Defendant raises two arguments as to the admissibility of the videotapes found in his locker. First, he argues the second search warrant, which was the warrant to search his locker, was tainted because it was based upon the first warrant, and the first warrant was based on conclusory allegations. Second, he argues the warrants were invalid because the initial viewing by Detective Hawk should have been conducted pursuant to a warrant. We shall conclude defendant had no legitimate privacy interest in any of the seven CDs or the computer found by the fire department. Therefore, no warrant was necessary to search those items, and the second search warrant, which was not based on conclusory allegations, was valid.

A. Defendant had no Privacy Interest in the Subject of the First Warrant.

A defendant’s Fourth Amendment rights are implicated only if the government’s conduct infringes “an expectation of privacy that society is prepared to consider reasonable ....” (United States v. Jacobsen (1984) 466 U.S. 109, 113 [80 L.Ed.2d 85, 94.].) A defendant has the burden of demonstrating a reasonable expectation of privacy. (People v. Middleton (2005) 131 Cal.App.4th 732, 737, fn. 2.)

The “expectation of privacy in commercial premises... is different from, and indeed less than, a similar expectation in an individual's home.” (New York v. Burger (1987) 482 U.S. 691, 700 [96 L.Ed.2d 601, 612].) Nevertheless, within the context of the workplace, employees “may have a reasonable expectation of privacy against intrusions by police.” (O’Connor v. Ortega (1987) 480 U.S. 709, 716 [94 L.Ed.2d 714, 722].) The expectation of privacy in the workplace is “‘based upon societal expectations that have deep roots in the history of the [Fourth] Amendment.’ [Citation.]” (Ibid.)

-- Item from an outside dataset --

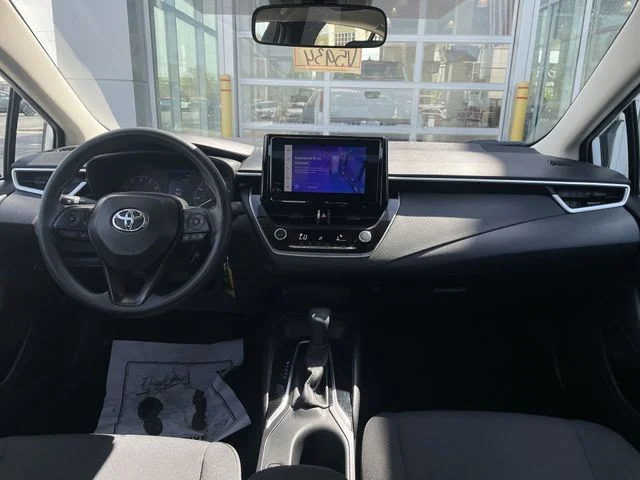 2025 Toyota Corolla LE - Photo 38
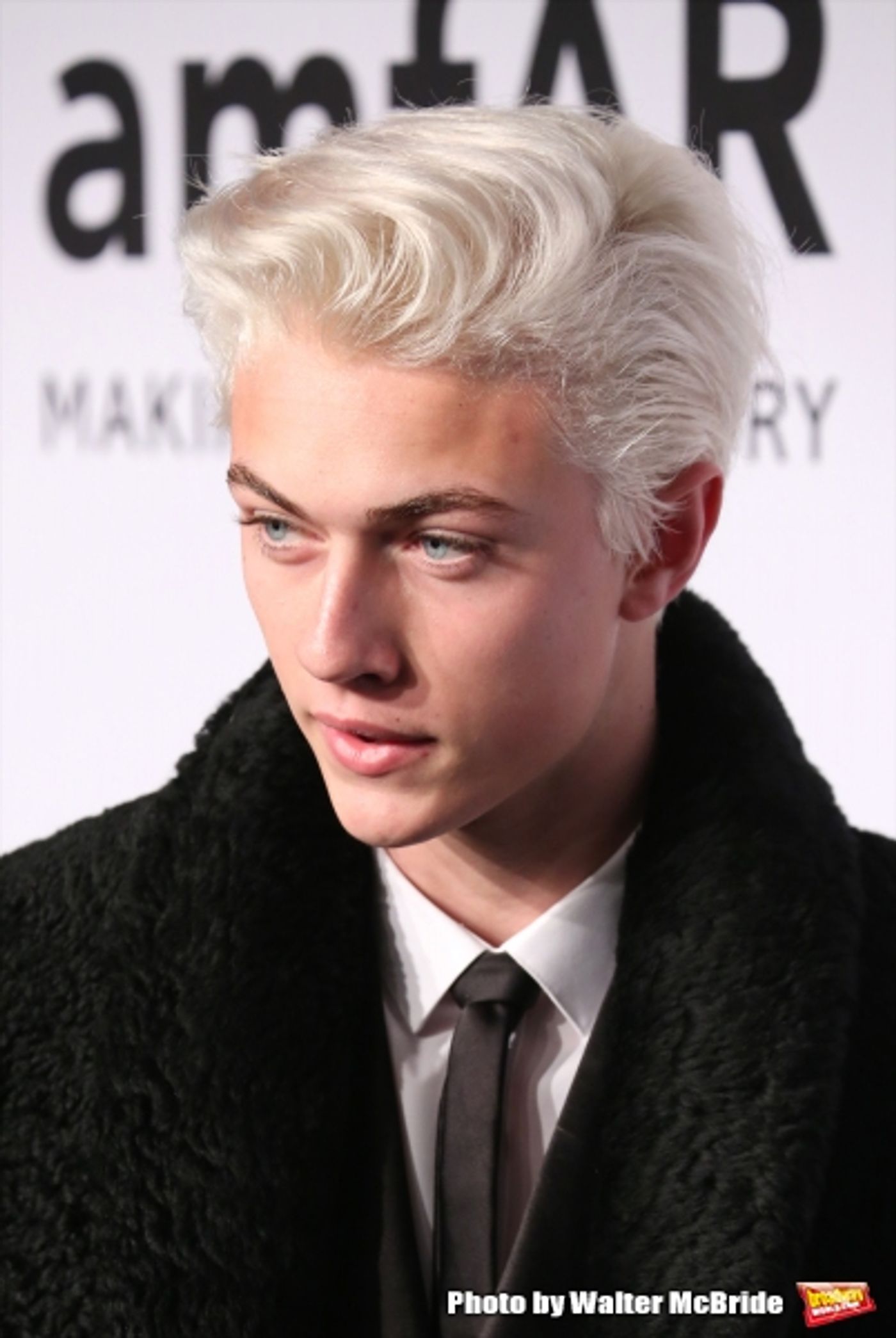 Photo Coverage: On the amfAR 2015 New York Gala Black Carpet with Paris Hilton, Kendall Jenner, and More!  Image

With respect to those areas of the workplace in which an employee may have a reasonable expectation of privacy, such expectation “may be reduced by virtue of actual office practices and procedures, or by legitimate regulation.” (O’Connor v. Ortega, supra, 480 U.S. at p. 717 [at p. 723].) We therefore assess the employee’s reasonable expectation of privacy within the context of the employment relation. (Ibid.) Given the variety of work environments, this question must be addressed on a case-by-case basis. (Id. at p. 718 [p. 723].)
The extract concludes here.